Lei de 2022 permite que qualquer cidadão com mais de 18 anos faça alteração sem precisar de processo judicial e motivo. Norma também facilitou mudanças de sobrenomes
Os Cartórios de Registro Civil do Paraná registraram 1.790 mudanças de nome nos dois primeiros anos da lei que permite a qualquer cidadão com mais de 18 anos realizar a alteração sem precisar de processo judicial e motivo. Os dados são da Associação do Registro Civil das Pessoas Naturais do Estado do Paraná (Arpen-PR).
Entre os estados brasileiros, o Paraná ficou entre os quatro com mais registros de mudança, ficando atrás apenas de São Paulo (4.685), Minas Gerais (2.230) e Bahia (1.909).
A lei está em vigor desde julho de 2022 e flexibilizou o processo. As novas regras também ampliaram as possibilidades para alteração de nomes e sobrenomes diretamente em cartórios, independentemente de prazo, motivação, gênero, juízo de valor ou de conveniência, exceto em casos de suspeita de fraude e má-fé. Veja como funciona a seguir.
Antes da mudança legal era preciso processo judicial para a alteração do nome.
A diretora de Assuntos Jurídicos da Arpen/PR, Bettina Amorim, explica que, entre as pessoas que procuram o serviço estão, especialmente, pessoas transgênero e pessoas que não gostam ou não se identificam com o próprio nome.
“O nome acaba sendo um dos elementos mais essenciais para identificar uma pessoa na sociedade, na sua família. Então, nada mais natural que a pessoa queira ter um nome com o qual ela se identifique, com o qual ela tem um senso de identidade”, afirma.
Nicholas Baptista Ignacio passou pela mudança no início de 2023. Ele relata que não se identificava com o nome com o qual foi batizado e pensou sobre a alteração por cerca de um ano.
“Eu tinha um agnome, então era o mesmo nome do meu pai + Junior. Meu pai não foi uma figura muito presente ou positiva na minha vida, tanto que nem tenho contato faz alguns anos.

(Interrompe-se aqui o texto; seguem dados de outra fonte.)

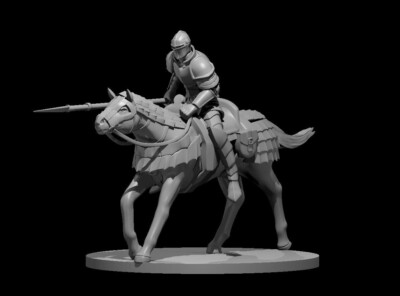 Mounted Knight Commoner NPC 28mm Scale DND D&D Tabletop Mini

Juntando isso com eu nunca ter gostado do nome, fez sentido para mim fazer a mudança”, afirma.
Os amigos já o chamavam pelo novo nome escolhido, ele, então decidiu fazer a troca oficialmente e alterar os documentos. O fato de não precisar de processo judicial foi um incentivo.
No caso dele, todo o processo demorou cerca de 3 meses.

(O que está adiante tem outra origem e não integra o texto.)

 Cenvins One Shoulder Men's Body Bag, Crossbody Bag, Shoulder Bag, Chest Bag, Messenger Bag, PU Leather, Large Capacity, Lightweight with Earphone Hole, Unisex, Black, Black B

“Na troca do primeiro nome foi um peso tirado das costas. É algo que eu me acostumei super rápido, porque não tive mais o incômodo de ter que usar um nome que eu já não gostava e que também não sentia que era ‘meu’, por ser herdado de outra pessoa”, detalha.
Para Bettina Amorim, é esta a intenção da desburocratização da retificação do nome.

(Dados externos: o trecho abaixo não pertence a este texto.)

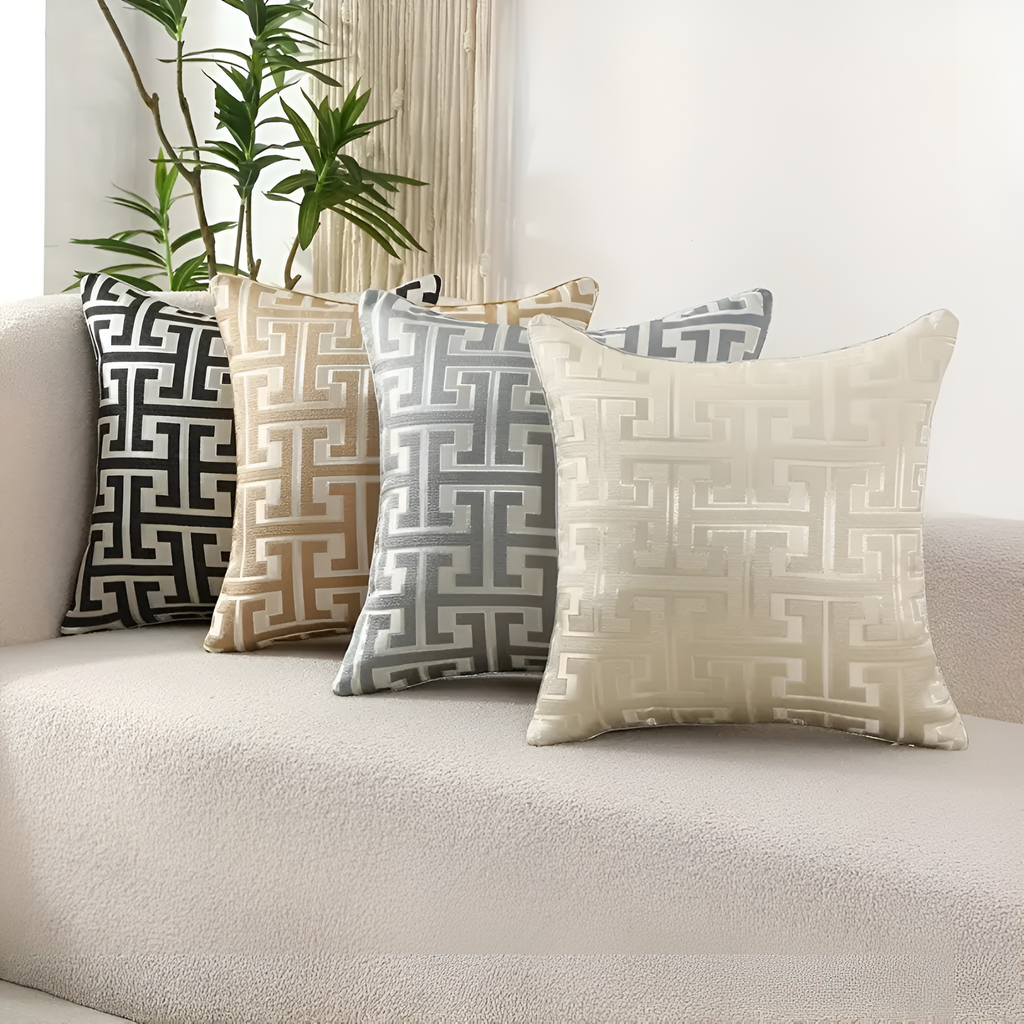 Housse de Coussin de Luxe en Jacquard Géométrique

“A ideia é que a gente possa realmente fazer com que as pessoas se sintam reconhecidas, se sintam com a sua dignidade concretizada, nesse direito que é tão essencial. Os Cartórios de Registro Civil de Pessoas Naturais têm um papel de protagonismo nisso, porque cada vez mais a gente está se aproximando da população, no sentido de proporcionar serviços de maneira séria, desburocratizada, e muito mais viável economicamente do que pensando em uma via judicial”, defende.
Lei aumentou possibilidades
Desde 2018, a retificação de nomes diretamente em cartórios era possível para pessoas transexuais e travestis. A mudança passou a ser garantida depois de decisão do Supremo Tribunal Federal (STF).
A lei de 2022 ampliou a mesma mudança para qualquer pessoa com mais de 18 anos.
A estudante Giulia Pacheco, de 28 anos, passou pelo processo de mudança do nome no fim de setembro. Ela é uma mulher trans e reforça a importância de um nome alinhado com a identidade de quem o carrega.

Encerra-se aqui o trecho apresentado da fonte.